The following major factors were identified:

  • patient age and life expectancy;

  • comorbid diseases;

  • risk factors (previous subarachnoid hemorrhage from a different aneurysm, family history of unruptured intracranial aneurysm, or SAH and nicotine use);

  • aneurysm location, size, and morphology (lobulation/irregularity);

  • aneurysm growth or de novo formation on serial imaging;

  • clinical symptoms (cranial nerve deficit, mass effect, and thromboembolic events); and

  • risk factors for treatment.

On the importance of life expectancy, Dr. Etminan explained that while the risk for rupture for some aneurysms may be low over a 5- to 10-year period, it will be difficult to estimate this risk over a 30- to 40-year period. Thus, a younger patient will have a higher lifetime risk for rupture and is therefore a higher priority for repair. Similarly, patients with comorbid conditions that may limit their life may be a lower priority.

"Basically we are advising clinicians that factors beyond aneurysm size and location should be considered in making a decision, and even some small aneurysms require consideration of aneurysm repair. If I had a young patient who was a smoker and had hypertension and a 4-mm aneurysm, my advice may be different than if it was a 75-year-old patient who didn't have those risk factors and aneurysm of the same size."
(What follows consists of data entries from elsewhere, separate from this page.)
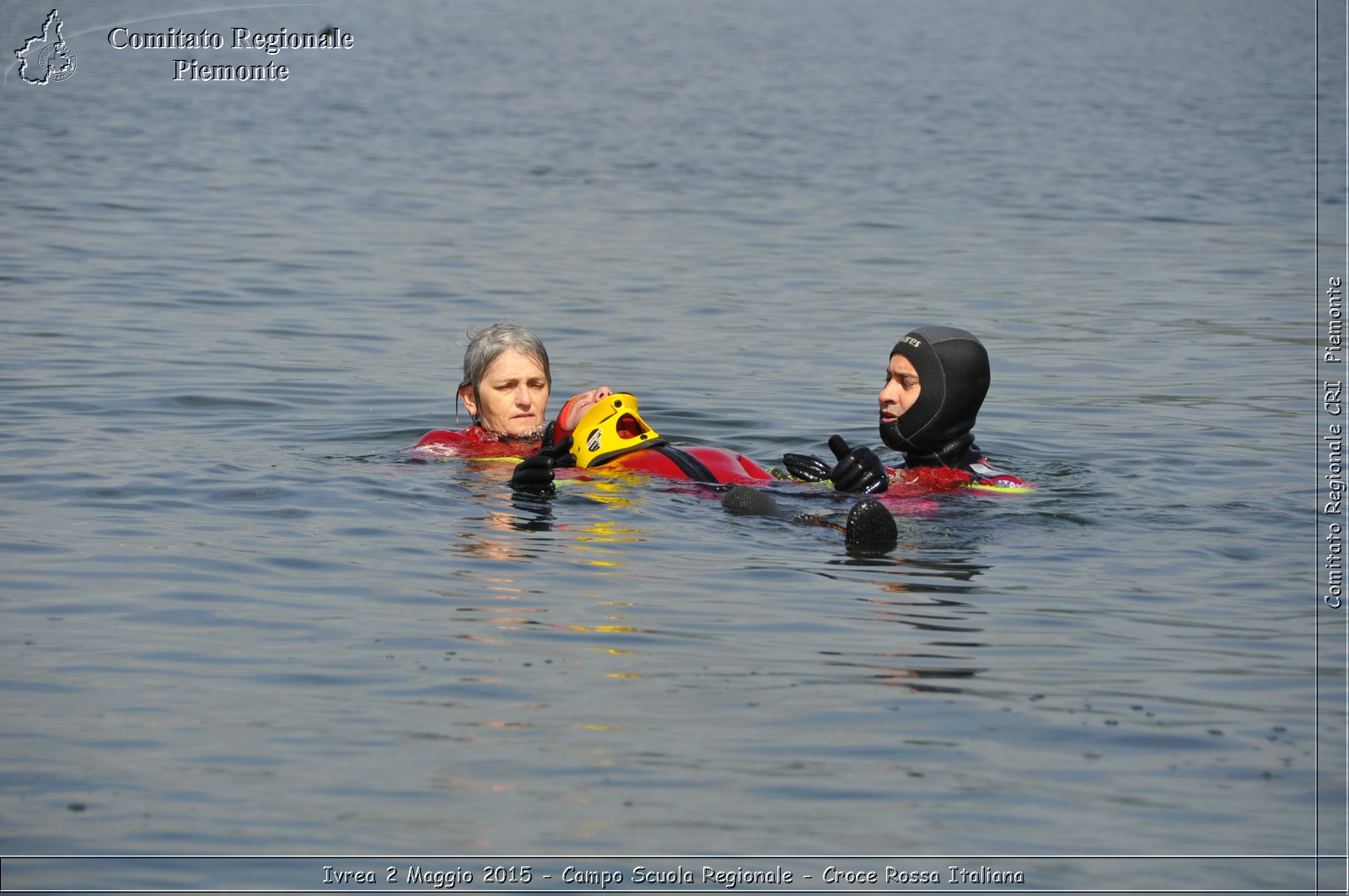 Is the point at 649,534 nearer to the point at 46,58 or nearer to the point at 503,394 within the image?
the point at 503,394

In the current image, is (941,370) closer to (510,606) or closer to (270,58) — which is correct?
(510,606)

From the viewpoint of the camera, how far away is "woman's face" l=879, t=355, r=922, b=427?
9258mm

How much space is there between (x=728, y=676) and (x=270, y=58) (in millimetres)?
36513

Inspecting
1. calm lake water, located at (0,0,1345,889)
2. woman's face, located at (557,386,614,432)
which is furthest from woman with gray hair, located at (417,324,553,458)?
woman's face, located at (557,386,614,432)

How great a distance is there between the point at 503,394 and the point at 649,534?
1.92m

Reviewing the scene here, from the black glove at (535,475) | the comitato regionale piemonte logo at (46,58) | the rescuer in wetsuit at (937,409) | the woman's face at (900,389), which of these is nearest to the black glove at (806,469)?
the rescuer in wetsuit at (937,409)

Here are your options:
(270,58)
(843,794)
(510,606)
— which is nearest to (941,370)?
(510,606)

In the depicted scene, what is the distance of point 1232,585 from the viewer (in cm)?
764

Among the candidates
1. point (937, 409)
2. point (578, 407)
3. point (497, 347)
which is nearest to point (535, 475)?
point (578, 407)

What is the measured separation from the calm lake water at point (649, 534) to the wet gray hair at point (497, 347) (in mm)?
661

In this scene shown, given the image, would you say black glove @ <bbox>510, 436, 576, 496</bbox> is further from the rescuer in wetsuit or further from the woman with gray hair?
the rescuer in wetsuit

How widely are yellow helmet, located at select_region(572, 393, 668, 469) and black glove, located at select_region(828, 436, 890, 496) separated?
100 cm

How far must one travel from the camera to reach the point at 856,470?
8.56m

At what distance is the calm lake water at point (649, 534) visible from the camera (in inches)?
207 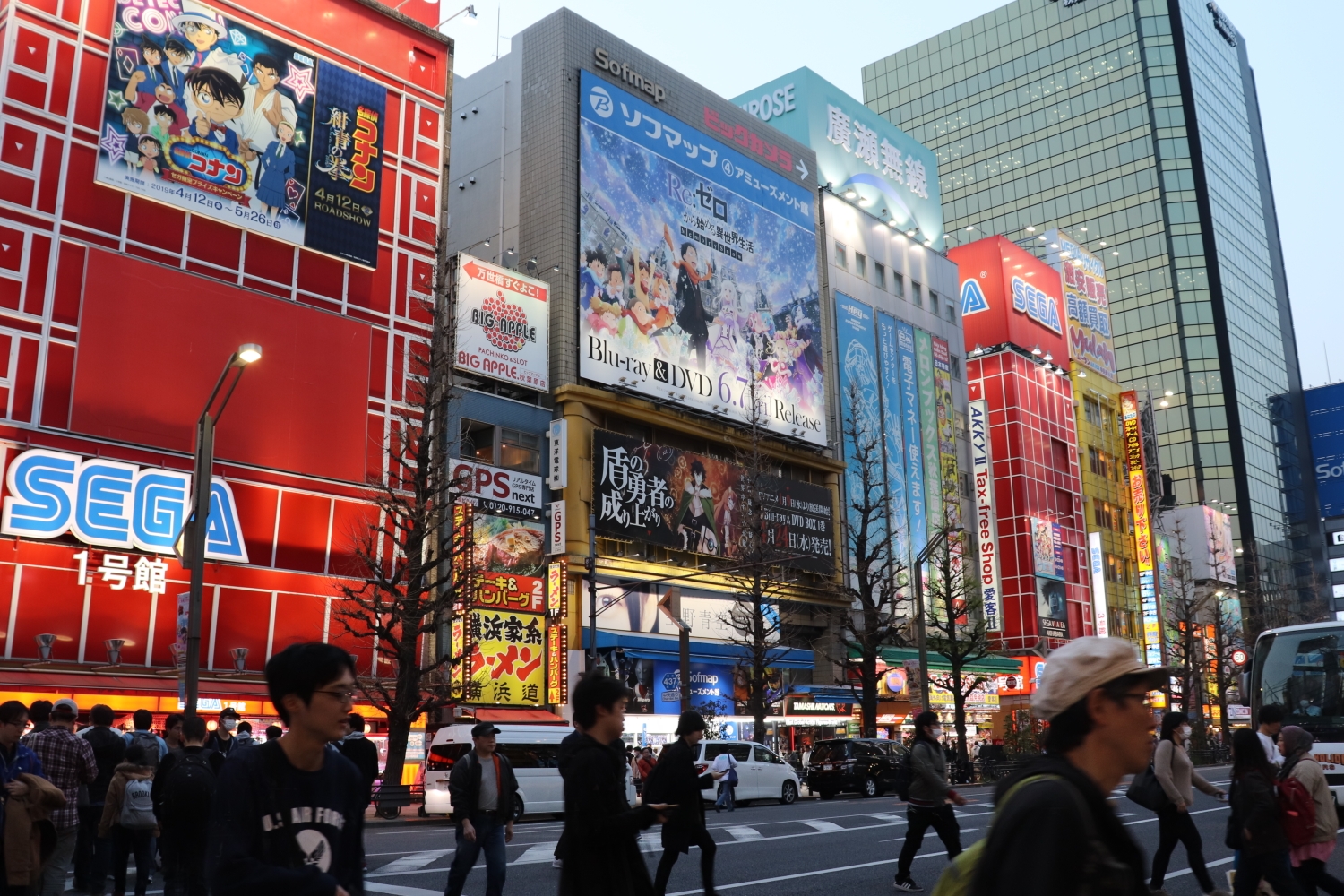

On the assessment of aneurysm growth, Dr. Etminan noted that this was a highly problematic area. "This needs to be assessed by serial imaging, but the problem is that aneurysms are not assumed to grow in a linear way. Rather, they may grow in an episodic manner — at least some aneurysms seem to have growth spurts and then periods of stability. Growth is a sign of instability, but we don't know if we're monitoring it over a period of growth or not."

Dr. Etminan believes that every patient with an aneurysm should have a full evaluation, with all these factors considered.

"If an aneurysm is detected on a scan we advise the clinician to refer the patient to a cerebrovascular specialist who can make an informed decision with the patient on the way forward. The many different risk factors discussed in this paper should be taken into account. The estimation of the natural history of an unruptured aneurysm is far more complicated than just taking a quick look at size and location."

Scores in Development

On the basis of the consensus reached in this paper, the authors have developed a preliminary score — known as the Unruptured Intracranial Aneurysm Treatment Score (UIATS) — described in a presentation at the recent American Heart Association/American Stroke Association International Stroke Conference in San Diego, California. Dr. Etminan emphasized the early nature of the score.

"There is still a lot we don't know," he said, "and it is hard to account accurately for many of the factors that we do know about, such as life expectancy. We have validated the first version of the score but it will need further validation."

Another score for evaluating unruptured aneurysms — the PHASES score — has also been reported recently. Dr. Etminan explained that the PHASES score is based on a meta-analysis of various prospective observational studies. The overall predictive value of the score is unclear because of some potential patient selection bias in the included studies and also different definitions for outcome measures, which limit the ability to pool all the data. "The difference is that PHASES basically reflects well the existing evidence, but mainly based on the most common data elements between these studies, and if validated, the UIATS system will include numerous additional factors that could not be accounted for in PHASES. The principal investigators of the underlying trials are part of our panel to develop and validate the UIATS system," he added.